Records shown:
---
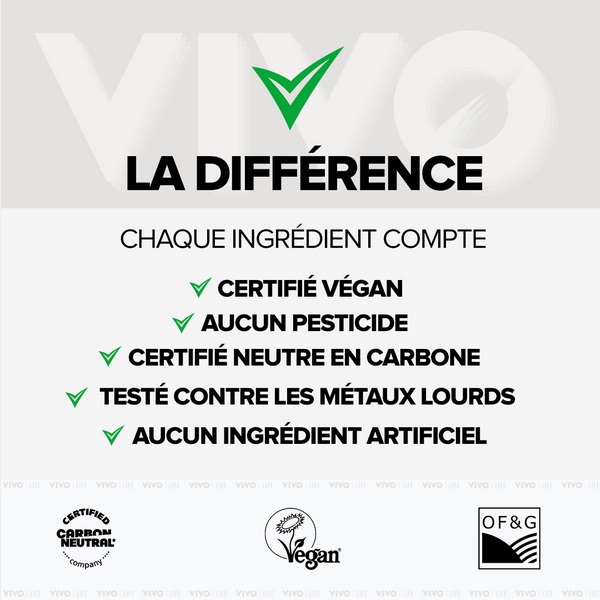 vivo life proteine vegetale en poudre 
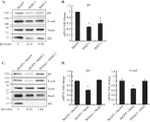 E-cadherin Antibody in Western Blot (WB)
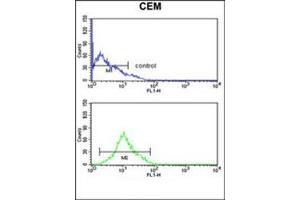 Flow cytometry analysis of CEM cells using KCNJ11 Antibody (N-term) Cat. (KCNJ11 anticorps  (N-Term))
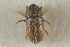  ( - CNC COLEO 00139231)  @11 [ ] CreativeCommons - Attribution (2012) CNC/CBG Photography Group Centre for Biodiversity Genomics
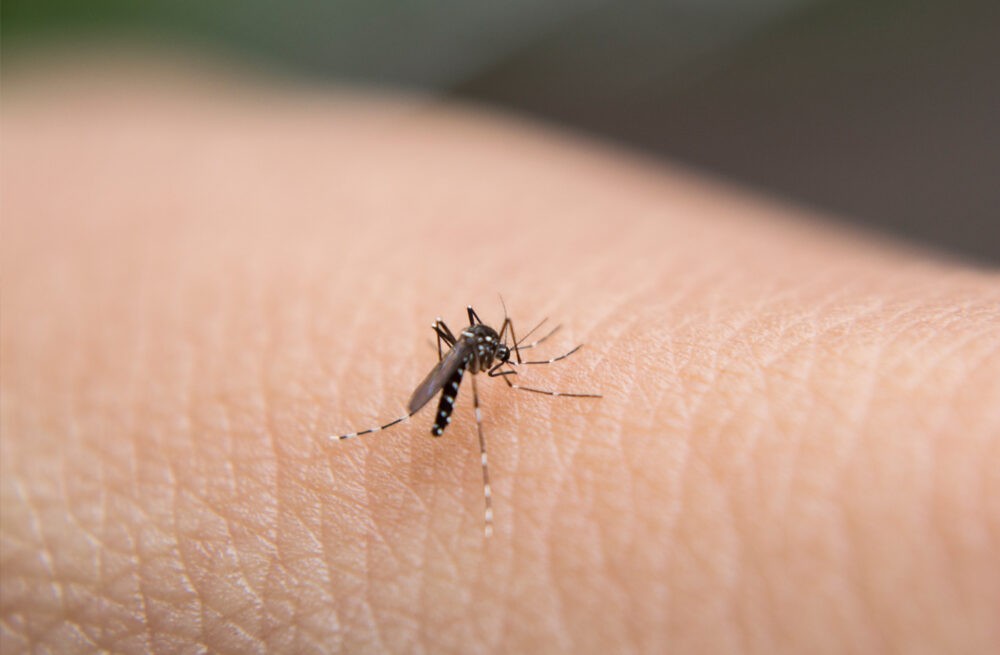 West Nile Virus: A Growing Concern for Hotels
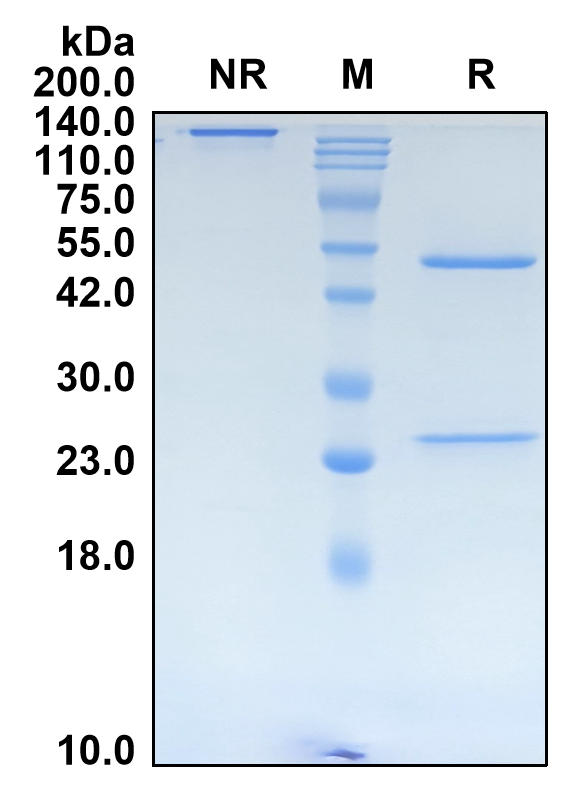 (Sudubrilimab)Biosimilar Reference Antibody(PDL1/CD274)
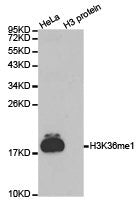 Western blot analysis of extracts of HeLa cell line and H3 protein expressed in E.coli., using H3K36me1antibody.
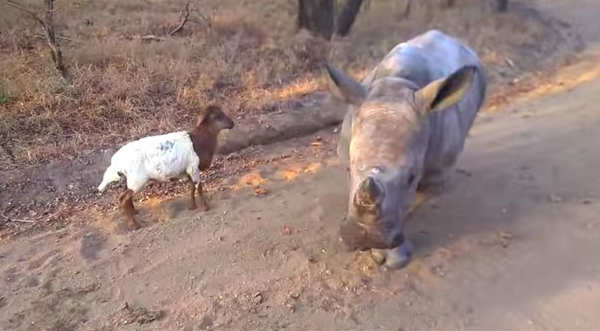 Checa el viral del rinoceronte imitando a una cabra - VIDEO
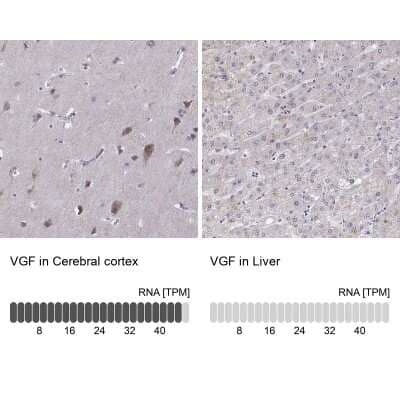 Immunohistochemistry-Paraffin: VGF Antibody [NBP2-31596] - Staining in human cerebral cortex and liver tissues using anti-VGF antibody. Corresponding VGF RNA-seq data are presented for the same tissues.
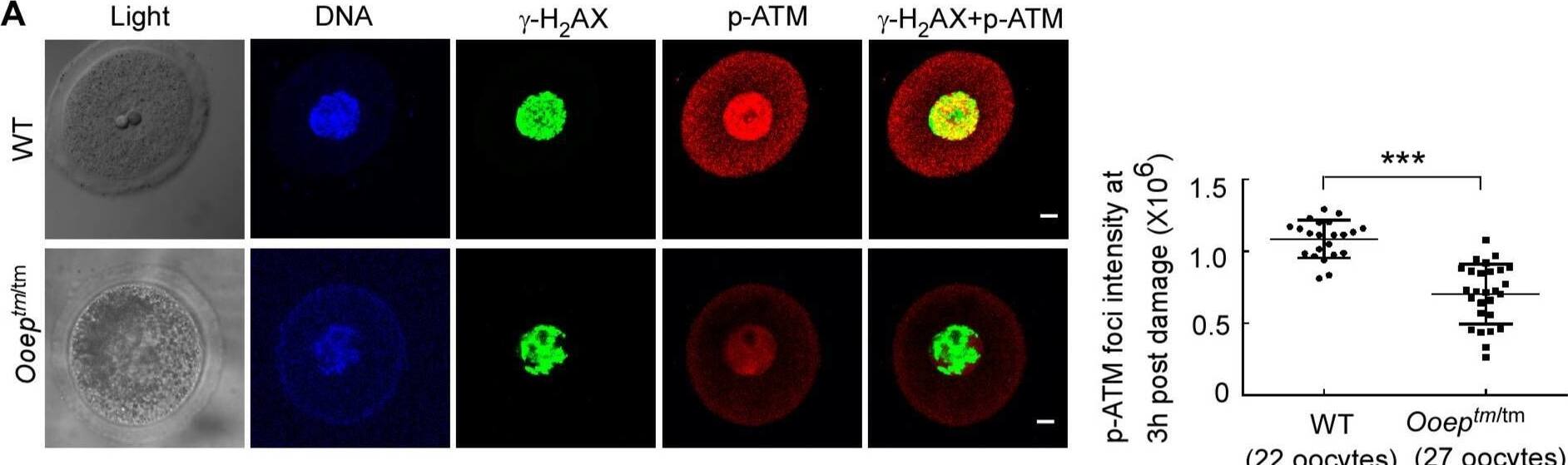 ATM [p Ser1981] Antibody (10H11.E12) - BSA Free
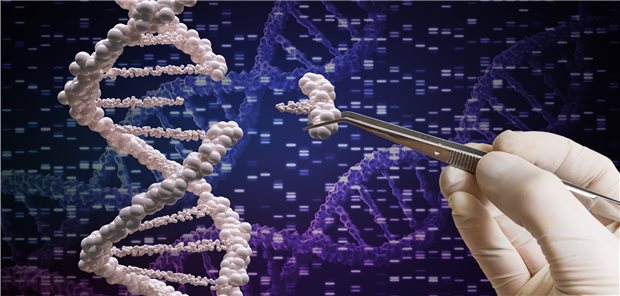 So leicht lassen sich Gene noch nicht austauschen. Mit der Genschere CRISPR können aber bestimmte DNA-Bausteine umgeschrieben werden.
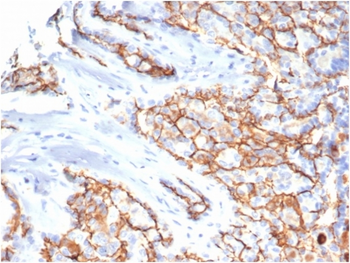 PROM1 Antibody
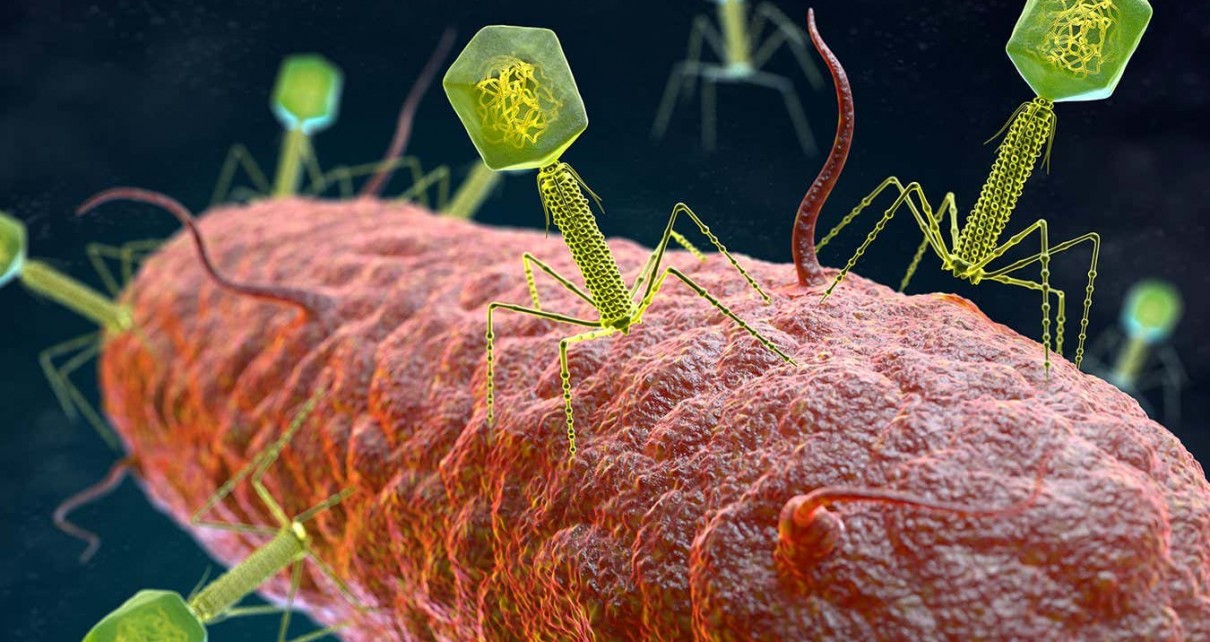 illustration of the Bacteriophage Virus that infects and replicates within a bacterium. 3D illustration - Image ID: 2A326TF (RF)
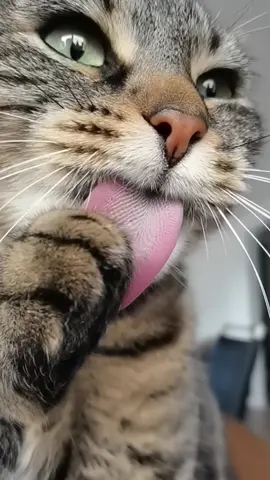 Happy weekend 🌞😻😛😻🌞 #cat #cats #catsoftiktok #fyp #viral 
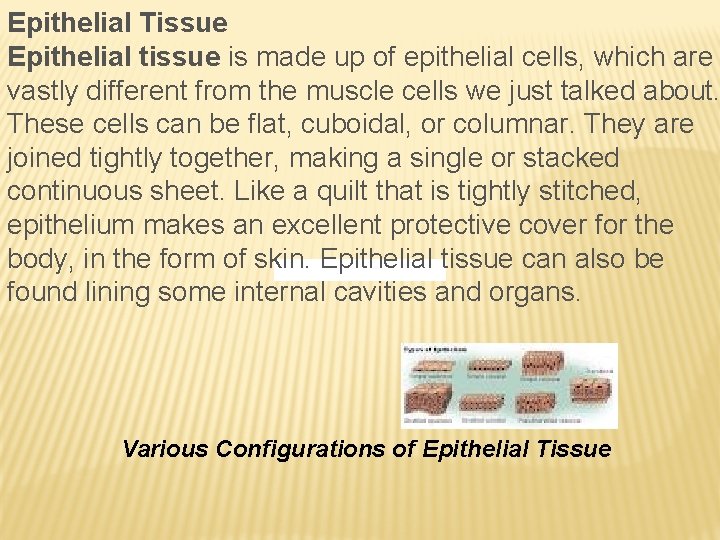 Epithelial Tissue Epithelial tissue is made up of epithelial cells, which are vastly different
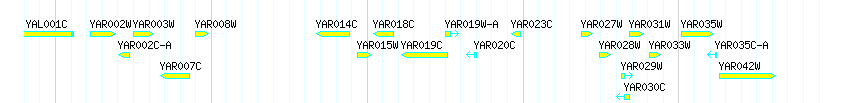 Genes detail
---
Aim of the task: Your task is to reproduce exactly the lines running from the line that contains "Happy weekend 🌞😻😛😻🌞" to the end of the records, pictures excluded.

Task solution:
 Happy weekend 🌞😻😛😻🌞 #cat #cats #catsoftiktok #fyp #viral 
 Epithelial Tissue Epithelial tissue is made up of epithelial cells, which are vastly different
 Genes detail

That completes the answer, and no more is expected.